One current incentive for webmasters and designers to use clean code could be Google's Webmaster Help Center - Webmaster Guidelines.
In this document, Google presents information which they say "will help Google find, index, and rank your site." For those of us interested in SEO, this is what we want to happen.
One of their Design and Content Guidelines is as follows:
Check for broken links and correct HTML
But Matt in an interview found here http://blog.outer-court.com/archive/2005-11-17-n52.html said:
"...We can’t throw out 40% of the web on the principle that sites should validate; we have to take the web as it is and try to make it useful to searchers, so Google’s index parsing is pretty forgiving..."
We all know to check for broken links. That has been an ongoing duty for webmasters since the inception of the WWW. But what about "correct" HTML?
In my view, this means "according to current standards". If your page is HTML 3.01, then mark it up as such. If you are using XHTML 1.0 strict, the markup should reflect that standard.
So then, what kind of HTML is Google using? Since so many of us (in the web business or not) use Google, shouldn't we look to them for a bit of inspiration as to how we should be constructing our web sites?
A DOCTYPE tag is presented at the top of an HTML document, before even the HTML tag itself. It provides browsers with a little hint as to how the code is to be interpreted.
A quick look at the Yahoo! home page shows that they HTML 4.01 transitional, as does DMOZ. Wikipedia uses XHTML 1.0 strict.
Interestingly enough, Google doesn't provide a DOCTYPE at all, leaving the browser to interpret the code as it sees fit. This is often referred to as "quirks mode".
The HTML 4.01 specifications, and later XHTML versions, specify that a DOCTYPE must be included. Leaving out the DOCTYPE is implying that your HTML is of a version prior to HTML 4.01.
In order for your code to be "correct" then, it must validate. Validating your code can be done any number of ways, but the simplest is to use one of the on-line validators such as the W3C Markup Validation Service.
When you have the validator examine the code from Goggle's main page, it fails, utterly and miserably. To be fair, Yahoo! also fails. DMOZ, however, is valid HTML 4.01, and Wikipedia validates as XHTML 1.0 strict.
Since Google has no DOCTYPE, the validator is left to make a "best guess" as to what type of HTML is being used. You can tell the validator to use a particular version, regardless of the DOCTYPE, but no matter which is chosen, Google fails.

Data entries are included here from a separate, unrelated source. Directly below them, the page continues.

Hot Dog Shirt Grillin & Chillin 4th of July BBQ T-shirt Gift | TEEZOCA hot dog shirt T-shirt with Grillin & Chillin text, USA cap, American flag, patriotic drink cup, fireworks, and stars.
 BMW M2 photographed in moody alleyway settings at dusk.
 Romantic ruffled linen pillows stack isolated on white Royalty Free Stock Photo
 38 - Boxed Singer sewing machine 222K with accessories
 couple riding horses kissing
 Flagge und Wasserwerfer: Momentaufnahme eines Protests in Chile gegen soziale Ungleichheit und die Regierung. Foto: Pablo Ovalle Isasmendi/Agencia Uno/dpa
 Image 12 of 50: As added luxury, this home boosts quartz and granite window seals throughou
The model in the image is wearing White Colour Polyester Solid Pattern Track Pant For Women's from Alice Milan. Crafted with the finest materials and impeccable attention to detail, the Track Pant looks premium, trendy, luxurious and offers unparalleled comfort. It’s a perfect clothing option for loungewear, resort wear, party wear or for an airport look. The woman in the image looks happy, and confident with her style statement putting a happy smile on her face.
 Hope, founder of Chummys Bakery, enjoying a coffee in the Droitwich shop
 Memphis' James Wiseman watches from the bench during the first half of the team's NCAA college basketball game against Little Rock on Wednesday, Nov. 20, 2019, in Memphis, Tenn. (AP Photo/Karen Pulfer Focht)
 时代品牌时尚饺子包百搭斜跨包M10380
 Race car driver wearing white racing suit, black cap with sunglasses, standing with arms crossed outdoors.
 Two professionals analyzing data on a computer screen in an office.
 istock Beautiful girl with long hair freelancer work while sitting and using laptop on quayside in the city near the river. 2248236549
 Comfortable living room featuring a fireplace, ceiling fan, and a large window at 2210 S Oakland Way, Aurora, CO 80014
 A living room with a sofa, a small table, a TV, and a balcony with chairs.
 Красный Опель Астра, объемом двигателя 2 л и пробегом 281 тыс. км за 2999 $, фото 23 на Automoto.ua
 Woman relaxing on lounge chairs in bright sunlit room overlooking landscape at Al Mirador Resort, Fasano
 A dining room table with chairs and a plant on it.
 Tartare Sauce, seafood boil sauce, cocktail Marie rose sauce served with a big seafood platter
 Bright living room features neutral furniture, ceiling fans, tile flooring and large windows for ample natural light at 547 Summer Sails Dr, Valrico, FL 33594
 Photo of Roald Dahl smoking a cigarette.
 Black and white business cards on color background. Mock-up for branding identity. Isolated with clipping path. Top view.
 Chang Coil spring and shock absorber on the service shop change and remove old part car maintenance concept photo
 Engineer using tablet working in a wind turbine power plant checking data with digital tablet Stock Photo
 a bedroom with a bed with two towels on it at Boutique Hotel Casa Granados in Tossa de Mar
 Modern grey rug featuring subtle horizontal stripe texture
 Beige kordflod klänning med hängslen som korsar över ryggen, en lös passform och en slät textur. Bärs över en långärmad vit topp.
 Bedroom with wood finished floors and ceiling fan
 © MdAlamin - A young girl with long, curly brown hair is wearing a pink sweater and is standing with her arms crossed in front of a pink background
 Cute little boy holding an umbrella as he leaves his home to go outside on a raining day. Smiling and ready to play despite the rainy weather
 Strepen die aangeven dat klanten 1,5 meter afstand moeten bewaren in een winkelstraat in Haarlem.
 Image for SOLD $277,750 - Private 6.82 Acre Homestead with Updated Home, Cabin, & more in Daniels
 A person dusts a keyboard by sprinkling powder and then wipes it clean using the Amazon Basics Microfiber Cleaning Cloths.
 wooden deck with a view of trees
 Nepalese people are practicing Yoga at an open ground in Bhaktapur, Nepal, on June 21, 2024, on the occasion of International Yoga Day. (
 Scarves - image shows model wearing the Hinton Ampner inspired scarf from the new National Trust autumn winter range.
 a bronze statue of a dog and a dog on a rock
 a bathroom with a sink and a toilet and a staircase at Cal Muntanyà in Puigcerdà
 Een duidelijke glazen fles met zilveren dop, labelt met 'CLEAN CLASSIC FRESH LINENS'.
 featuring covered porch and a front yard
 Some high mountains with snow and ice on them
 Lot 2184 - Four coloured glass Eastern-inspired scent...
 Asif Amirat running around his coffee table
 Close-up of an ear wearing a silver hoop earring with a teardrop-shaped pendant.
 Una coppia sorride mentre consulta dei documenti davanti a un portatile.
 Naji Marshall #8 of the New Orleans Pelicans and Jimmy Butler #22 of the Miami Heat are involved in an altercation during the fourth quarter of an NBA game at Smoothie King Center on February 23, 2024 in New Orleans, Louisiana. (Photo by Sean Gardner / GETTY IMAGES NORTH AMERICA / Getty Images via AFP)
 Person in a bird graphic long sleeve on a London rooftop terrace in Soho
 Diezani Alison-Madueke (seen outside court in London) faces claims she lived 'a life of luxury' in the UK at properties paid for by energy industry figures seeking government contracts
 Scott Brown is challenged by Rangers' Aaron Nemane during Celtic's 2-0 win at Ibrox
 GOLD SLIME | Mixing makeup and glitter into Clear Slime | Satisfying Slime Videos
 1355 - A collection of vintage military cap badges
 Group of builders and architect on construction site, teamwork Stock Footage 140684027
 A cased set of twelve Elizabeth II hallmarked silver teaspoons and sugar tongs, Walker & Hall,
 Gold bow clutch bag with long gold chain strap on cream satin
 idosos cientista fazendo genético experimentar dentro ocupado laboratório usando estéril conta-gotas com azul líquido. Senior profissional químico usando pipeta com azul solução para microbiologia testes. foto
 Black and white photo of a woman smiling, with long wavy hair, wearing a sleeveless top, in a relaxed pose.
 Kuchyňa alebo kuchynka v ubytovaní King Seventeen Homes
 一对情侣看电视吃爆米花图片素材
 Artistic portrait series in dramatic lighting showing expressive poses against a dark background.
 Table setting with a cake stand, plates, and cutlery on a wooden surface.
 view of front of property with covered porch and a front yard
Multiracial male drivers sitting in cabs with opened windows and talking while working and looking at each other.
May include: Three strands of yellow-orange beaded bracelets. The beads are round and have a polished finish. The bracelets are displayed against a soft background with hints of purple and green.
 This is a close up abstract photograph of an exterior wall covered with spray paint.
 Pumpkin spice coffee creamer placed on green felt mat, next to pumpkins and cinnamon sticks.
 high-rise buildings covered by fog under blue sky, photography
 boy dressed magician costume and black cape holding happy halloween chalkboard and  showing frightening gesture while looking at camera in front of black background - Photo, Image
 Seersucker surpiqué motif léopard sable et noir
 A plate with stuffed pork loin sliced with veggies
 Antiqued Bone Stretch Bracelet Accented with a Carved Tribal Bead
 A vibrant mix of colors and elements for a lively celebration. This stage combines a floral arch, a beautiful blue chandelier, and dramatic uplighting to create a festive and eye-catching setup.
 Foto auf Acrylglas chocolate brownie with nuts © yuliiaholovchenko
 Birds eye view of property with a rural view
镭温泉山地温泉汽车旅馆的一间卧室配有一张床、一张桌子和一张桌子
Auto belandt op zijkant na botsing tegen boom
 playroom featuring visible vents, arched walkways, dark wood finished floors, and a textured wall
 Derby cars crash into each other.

How well would Google's own site be indexed by the Google search engine? Probably fairly well. Millions of pages indexed by Google do not conform to any web standards. They tell us in their guidelines that "correct HTML" can be an important issue in having our site indexed properly, yet they fail to comply with the current standards for (X)HTML.
I think it might be time for Google to "put their money where their mouth is." How about Google showing us how good they really are by bringing their HTML into the twenty-first century? It seems to me that perhaps they have been so busy with their behind-the-scenes programming that they have neglected their web interface, through which the world sees them. How easy is Google to use for someone with a screen-reader or a PDA?
Web developers frequently make use of the wide variety of tools Google has available, such as Google Maps, and AdSense. It can be very frustrating when you create a web page that meets (X)HTML and Accessibility standards only to be greeted by validation errors when you attempt to insert code provided by Google.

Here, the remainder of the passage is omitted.